Z czego wynika obecne zamieszanie wokół transakcji sprzedaży PKL? Czego boją się zakopiańscy radni?
Z każdą prywatyzacją wiąże się pozabiznesowe ryzyko polityczne, które jest trudno oszacować i trudno przewidzieć. Z jednej strony wydarzenia ostatnich dni i stawiane pytania można oceniać jako naturalną chęć lokalnej opozycji politycznej w samorządzie zakopiańskim weryfikacji działań aktualnych władz. Z drugiej jednak strony owa weryfikacja jest prowadzona z użyciem populistycznych argumentów i metod, często bez nawet próby zrozumienia konkretnych zapisów prawnych, określonych w umowach pomiędzy nami, PKG i PKP. Te działania budzą moje głębokie zdziwienie i rozczarowanie. Podobnie oceniam działania niektórych przedstawicieli Solidarnej Polski – próbę zdyskredytowania naszej firmy jako partnera samorządowej spółki Polskich Kolei Górskich poprzez celowe mijanie się z prawdą i z wykorzystaniem nieścisłych, nierzetelnych informacji oceniam jako żenujące działanie u tak doświadczonych polityków, z których część - to prawnicy, po których można byłoby spodziewać się due diligence - działania z należytą starannością i sprawdzenia podstawowych faktów.

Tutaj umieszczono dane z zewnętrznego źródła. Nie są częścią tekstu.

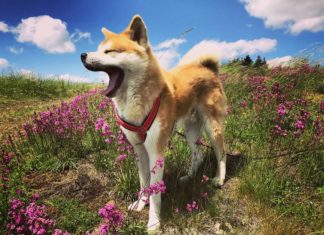 Meet Aiyuki, The Akita Inu Who Loves To Hike
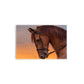 A- CABALLO NARANJA 59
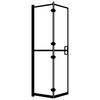 vidaXL Folding Shower Enclosure ESG 80x140 cm Black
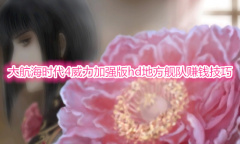 《大航海时代4威力加强版HD》地方舰队赚钱教程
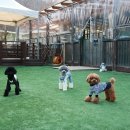 도그스101 이미지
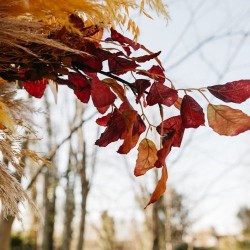 BRANCHE DE HETRE D'AUTOMNE DEGRADE DE MARSALA 1 METRE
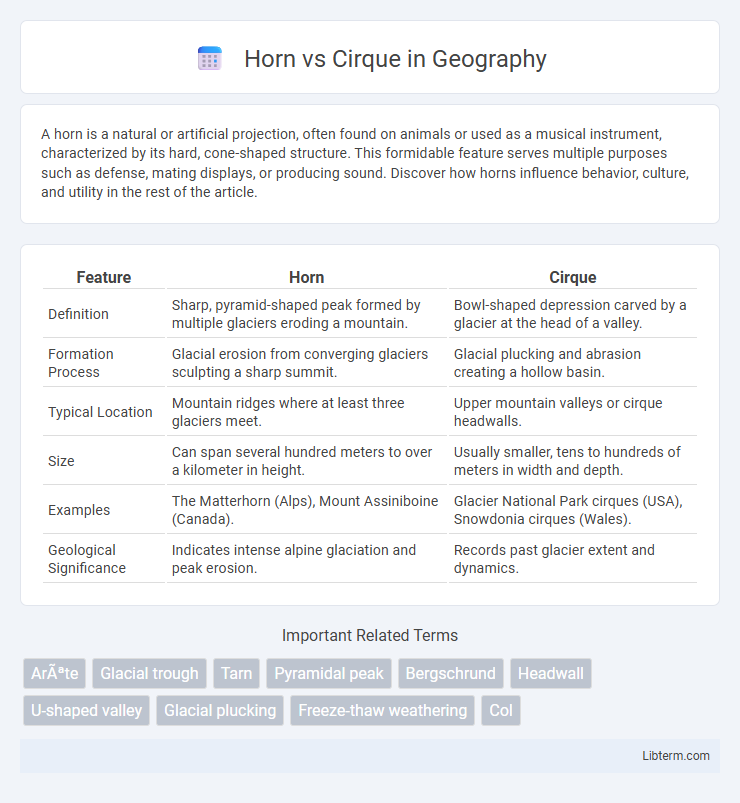 Cirque vs Horn in Geography - What is The Difference?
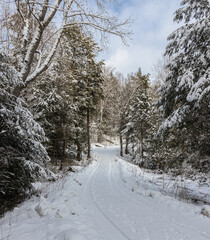 Snow covered trees along country road to Limberlost Conservation Area in Muskoka
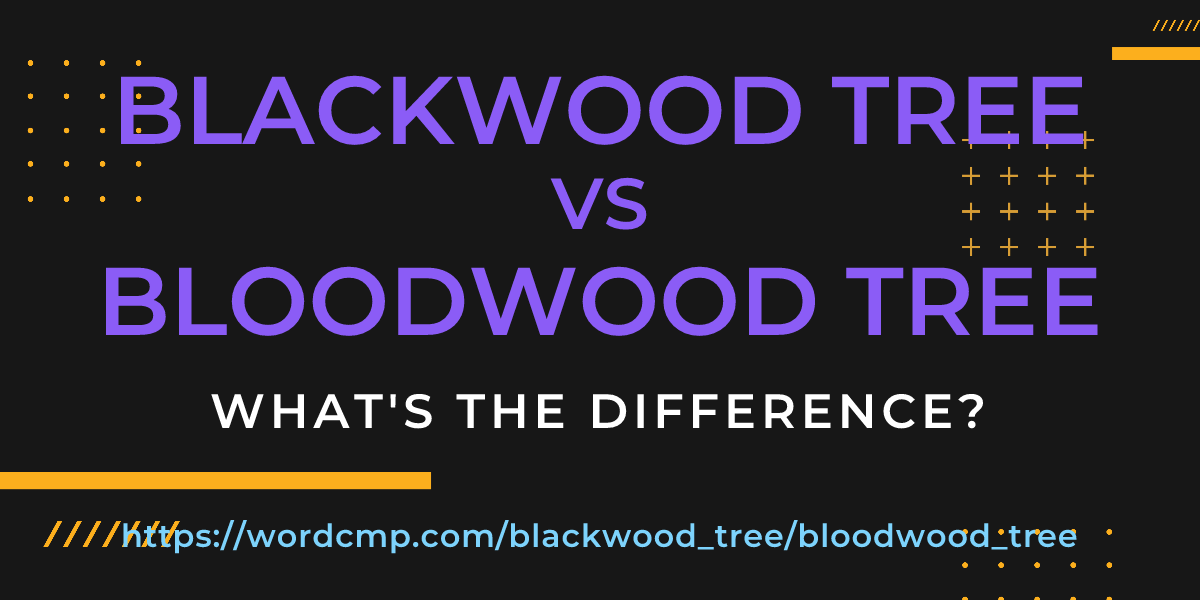 Difference between blackwood tree and bloodwood tree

Niezależnie od mojej oceny ich działań, wobec każdej próby bezpodstawnego podważenia wiarygodności naszego funduszu, działającego od kilkunastu lat w Europie Środkowej i zarządzającego środkami renomowanych instytucji europejskich, będziemy podejmować adekwatne kroki prawne. Mamy taki obowiązek wobec naszych inwestorów i podejmiemy wszystkie niezbędne działania, zarówno w kraju jak i zagranica. Zwłaszcza, że immunitet poselski nie chroni przed ściganiem za pomówienia, o czym przekonali się niedawno boleśnie niektórzy parlamentarzyści.

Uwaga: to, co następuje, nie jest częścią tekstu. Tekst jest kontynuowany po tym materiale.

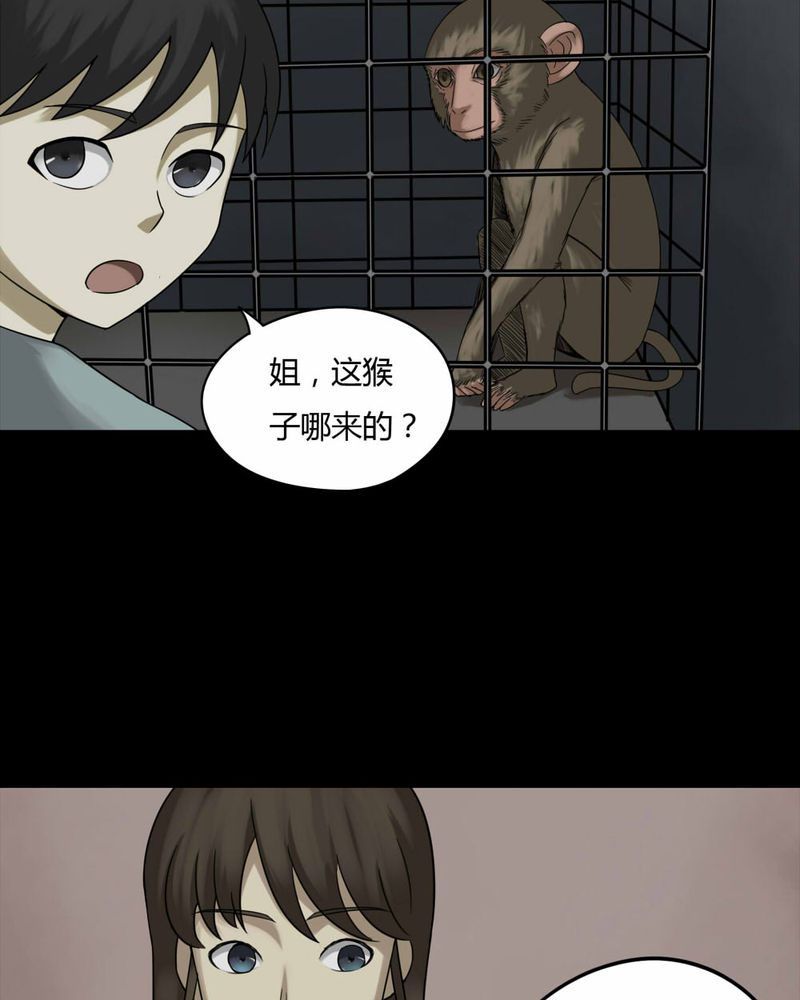 第84章：猴知猴觉（上）2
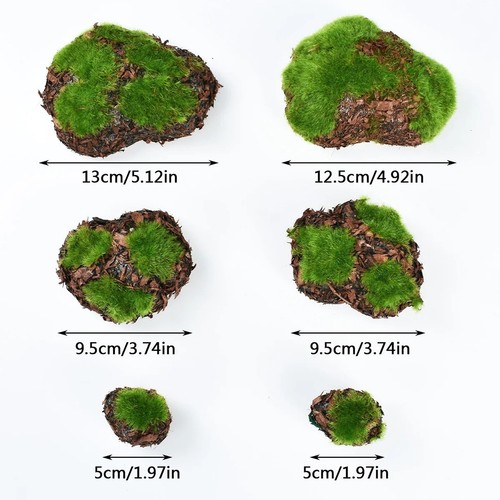 6pcs realistic moss - 6pcs,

Czy warunki transakcji nie były wcześniej znane? Dlaczego dopiero teraz radni zgłaszają swoje uwagi?
Uchwała rady miasta Zakopane i analogiczne uchwały pozostałych gmin, powołujące spółkę Polskie Koleje Górskie, wskazywały sposób i typ partnera finansowego, jakiego potrzebuje PKG. Radni zdawali sobie od początku sprawę, że firma którą tworzą nie będzie posiadała wystarczającego kapitału aby nabyć Polskie Koleje Linowe. W końcu wyposażyli ją w kapitał w wysokości 400 tys. złotych. Zdawali sobie również sprawę, że nie mogą zwiększyć wartości kapitału zakładowego PKG, przez zadłużenie spółki samorządowej lub samorządów ponad limit, narzucony przez Ministra Finansów. Od początku media informowały o potencjalnej wycenie PKL na poziomie 200 mln zł. Oczywiście do czasu zakończenia procesu sprzedaży nie była znana konkretna wartość transakcji, ale radni nie przewidywali chyba, że za 400 tys. złotych będą w stanie kupić firmę wycenianą na kilkaset milionów złotych, nie mówiąc o tym, że oprócz zakupu firmy trzeba jeszcze ja rozwijać, czyli włożyć kolejne dziesiątki, jeżeli nie setki milionów złotych.